== RECORDS FOR THIS EXERCISE ==

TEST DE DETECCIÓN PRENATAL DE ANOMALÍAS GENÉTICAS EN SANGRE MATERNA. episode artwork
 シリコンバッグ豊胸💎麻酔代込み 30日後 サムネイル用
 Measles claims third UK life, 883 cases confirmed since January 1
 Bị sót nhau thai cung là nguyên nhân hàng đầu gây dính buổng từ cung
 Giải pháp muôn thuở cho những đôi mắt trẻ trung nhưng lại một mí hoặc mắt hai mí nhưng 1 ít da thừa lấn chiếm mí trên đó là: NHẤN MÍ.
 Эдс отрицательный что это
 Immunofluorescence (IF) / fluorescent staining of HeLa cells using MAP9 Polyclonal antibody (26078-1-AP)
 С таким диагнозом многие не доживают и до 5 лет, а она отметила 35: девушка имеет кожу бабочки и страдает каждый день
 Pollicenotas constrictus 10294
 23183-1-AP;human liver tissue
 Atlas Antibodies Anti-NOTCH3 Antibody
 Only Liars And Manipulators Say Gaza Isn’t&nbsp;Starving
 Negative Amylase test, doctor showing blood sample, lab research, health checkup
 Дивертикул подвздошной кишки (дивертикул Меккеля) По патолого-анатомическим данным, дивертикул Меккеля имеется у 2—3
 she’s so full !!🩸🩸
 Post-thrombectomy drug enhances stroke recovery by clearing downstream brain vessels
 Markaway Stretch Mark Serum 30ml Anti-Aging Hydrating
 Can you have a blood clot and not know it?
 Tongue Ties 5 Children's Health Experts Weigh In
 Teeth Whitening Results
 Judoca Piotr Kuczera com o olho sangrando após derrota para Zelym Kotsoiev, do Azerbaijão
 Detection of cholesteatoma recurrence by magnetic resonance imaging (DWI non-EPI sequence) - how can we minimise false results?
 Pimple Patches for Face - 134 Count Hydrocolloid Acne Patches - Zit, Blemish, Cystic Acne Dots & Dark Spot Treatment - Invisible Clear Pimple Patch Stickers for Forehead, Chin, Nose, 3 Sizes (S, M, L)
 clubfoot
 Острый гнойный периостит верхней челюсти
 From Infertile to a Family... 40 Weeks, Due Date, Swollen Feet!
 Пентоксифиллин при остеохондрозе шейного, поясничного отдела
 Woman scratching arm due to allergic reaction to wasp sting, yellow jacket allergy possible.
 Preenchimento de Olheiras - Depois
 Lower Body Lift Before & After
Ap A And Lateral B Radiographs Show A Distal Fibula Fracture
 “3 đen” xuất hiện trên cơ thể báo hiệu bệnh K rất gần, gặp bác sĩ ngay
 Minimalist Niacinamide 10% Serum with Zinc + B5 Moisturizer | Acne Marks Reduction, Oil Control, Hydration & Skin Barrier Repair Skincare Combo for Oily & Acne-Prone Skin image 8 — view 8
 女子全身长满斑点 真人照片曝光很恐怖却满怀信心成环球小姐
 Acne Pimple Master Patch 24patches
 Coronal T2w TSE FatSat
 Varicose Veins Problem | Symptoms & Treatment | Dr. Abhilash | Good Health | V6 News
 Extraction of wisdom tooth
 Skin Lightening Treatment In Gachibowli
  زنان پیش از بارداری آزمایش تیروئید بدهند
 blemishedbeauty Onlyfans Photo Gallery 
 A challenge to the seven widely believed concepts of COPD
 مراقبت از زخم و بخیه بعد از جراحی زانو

===

- [WORK REQUIRED] In the records, count every line that includes "Pimple" and give the count alone.

- [ANSWER FOR THE TASK] 2